> **Exercise brief**
Every line below from the one with "скорость mdpv Верея" through the one with "INFINITE DENDROGRAM - raw" is to be repeated exactly, with no picture among them.

> **Data for processing**

--------------------------------------------------

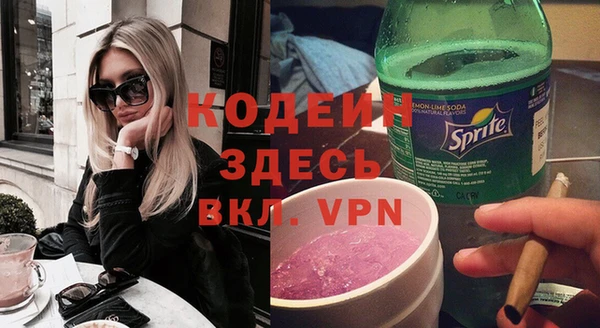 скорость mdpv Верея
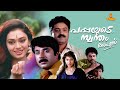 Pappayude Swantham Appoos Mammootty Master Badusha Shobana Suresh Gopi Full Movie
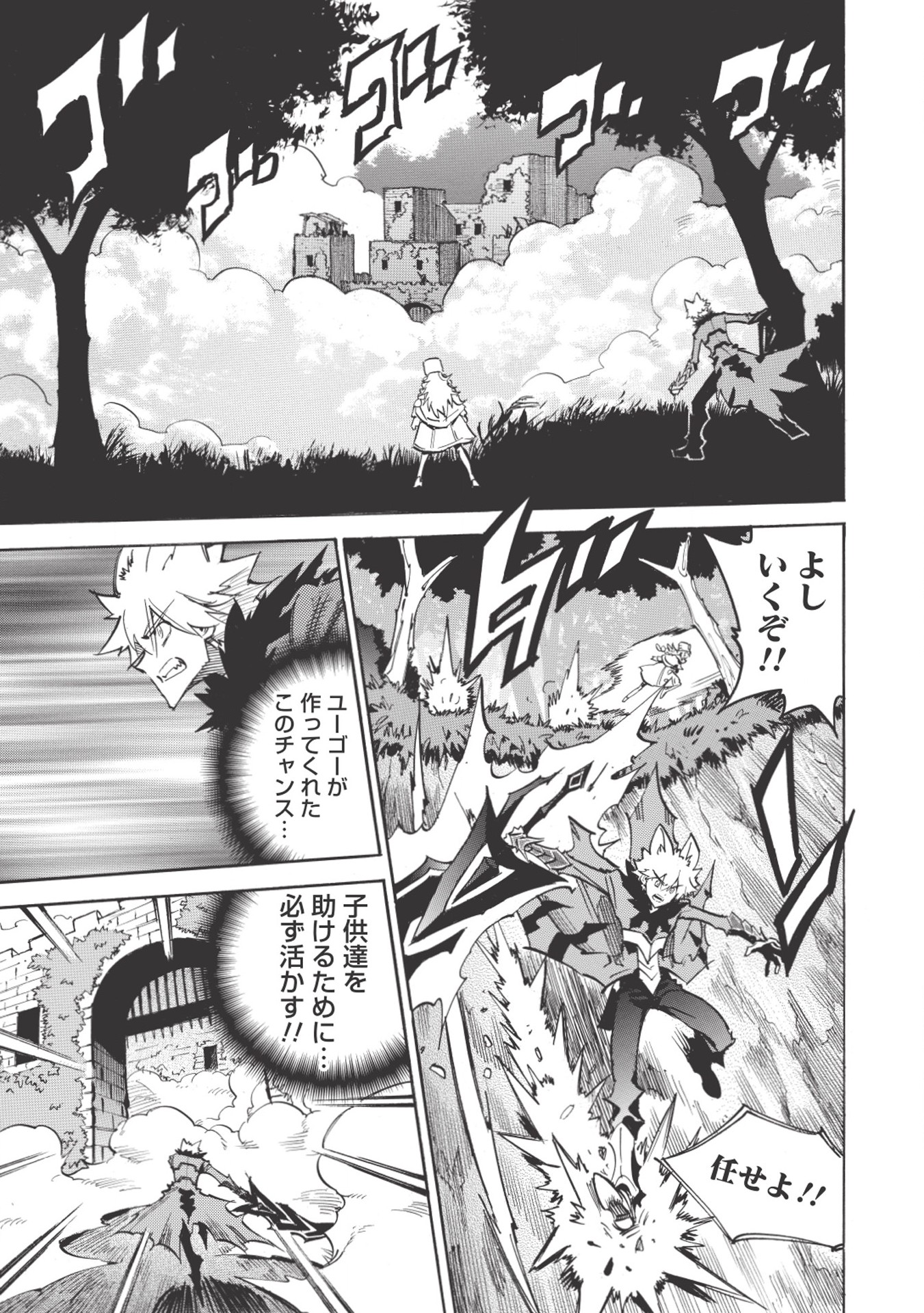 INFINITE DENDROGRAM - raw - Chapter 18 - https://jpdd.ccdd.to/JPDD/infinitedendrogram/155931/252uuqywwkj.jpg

--------------------------------------------------

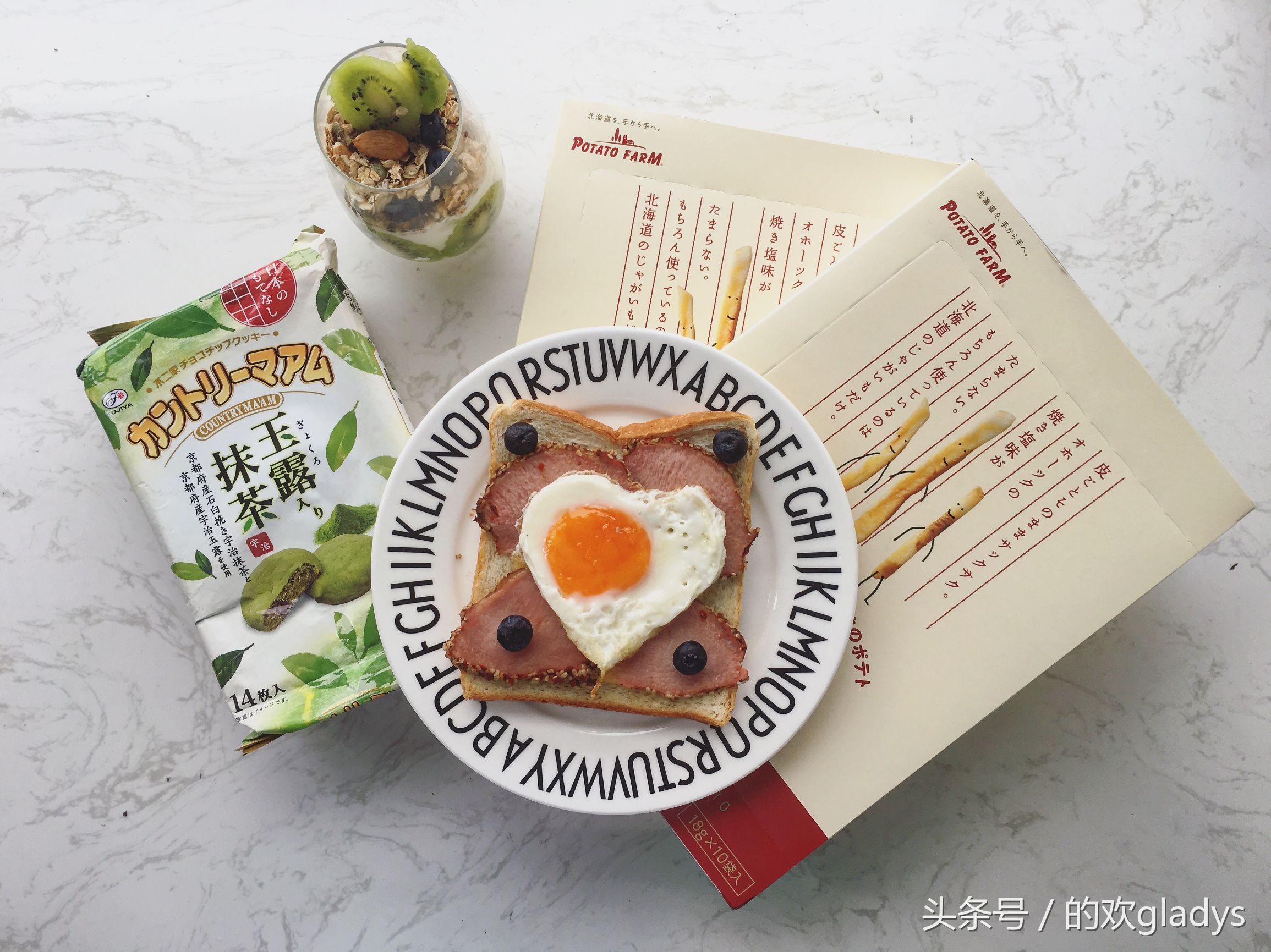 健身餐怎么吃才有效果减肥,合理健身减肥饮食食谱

--------------------------------------------------

> **Answer area**
 скорость mdpv Верея
 Pappayude Swantham Appoos Mammootty Master Badusha Shobana Suresh Gopi Full Movie
 INFINITE DENDROGRAM - raw - Chapter 18 - https://jpdd.ccdd.to/JPDD/infinitedendrogram/155931/252uuqywwkj.jpg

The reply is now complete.